The yuppie-approved yogurt brand released punchy ads for its “Simply 100” line targeting its competitors Yoplait and Dannon alleging that their products are sprinkled with insecticides and chlorine.
“Yoplait Greek 100 actually uses preservatives like potassium sorbate,” Chobani says in one ad naming Yoplait. “That stuff is used to kill bugs,” it continues, ending with the narrator saying Chobani is only yogurt with zero preservatives.
That has riled up the lawyers at General Mills, Yoplait’s parent company, and Dannon, the other yogurt brand that Chobani calls out in another ad for containing chlorine and would be better off in the garbage.
On Sunday, General Mills sued Chobani over the #NoBadStuff campaign, calling it “untrue” and “highly misleading.”
“Unless Chobani is immediately enjoined, the Chobani Attack Campaign will irreparably harm General Mills and the goodwill it has developed over several years with millions of dollars to build and protect the Yoplait Greek 100 brand and the Yoplait line of yogurts,” the suit states.
Dannon also threatened to sue Chobani for similar claims and told them to pull the ads, but Chobani filed a counterclaim against the company claiming that its ads are “not false, misleading, disparaging or deceptive.”
Despite the blowback from both brands, Chobani is standing by the campaign.

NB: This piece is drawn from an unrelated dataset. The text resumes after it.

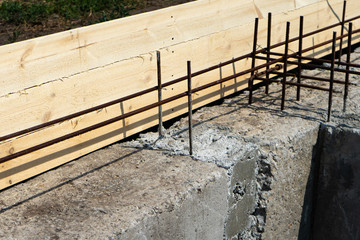 Formwork for the foundation of the house. Closeup of house foundation made from concrete shuttering blocks filled with mortar and reinforcement bars.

“While I’m not surprised, I’m disappointed that Dannon and General Mills are focused on stopping people from having the facts about artificial sweeteners and artificial preservatives,” Chobani’s CMO Peter McGuinness said in a statement to Digiday. “This campaign is about giving people truthful and accurate information so they can make more informed decisions about the food they buy.”
While the battle between the yogurt brands vying for first place in sales is never ending, Caroline Krediet, the head of strategy at Figliulo&Partners thinks that Chobani’s strategy might be too nasty.
“[Chobani] might be better off releasing this information on social and letting their advocates and foodies spread this information,” she told Digiday. “People are hungry for information, independent discovery tends to be more powerful than being spoon fed by brands. In this chapter of the yogurt wars, it seems they’re acting less like an idealist and more like an insider.”
But are people online bothered by Chobani’s claims? Perhaps not. On YouTube, a few commenters called out Chobani’s commercial as “fear mongering at its finest” and said that potassium sorbate, the ingredient that Chobani deems dangerous, is “safe for contact and consumption” because it prevents foods from spoiling.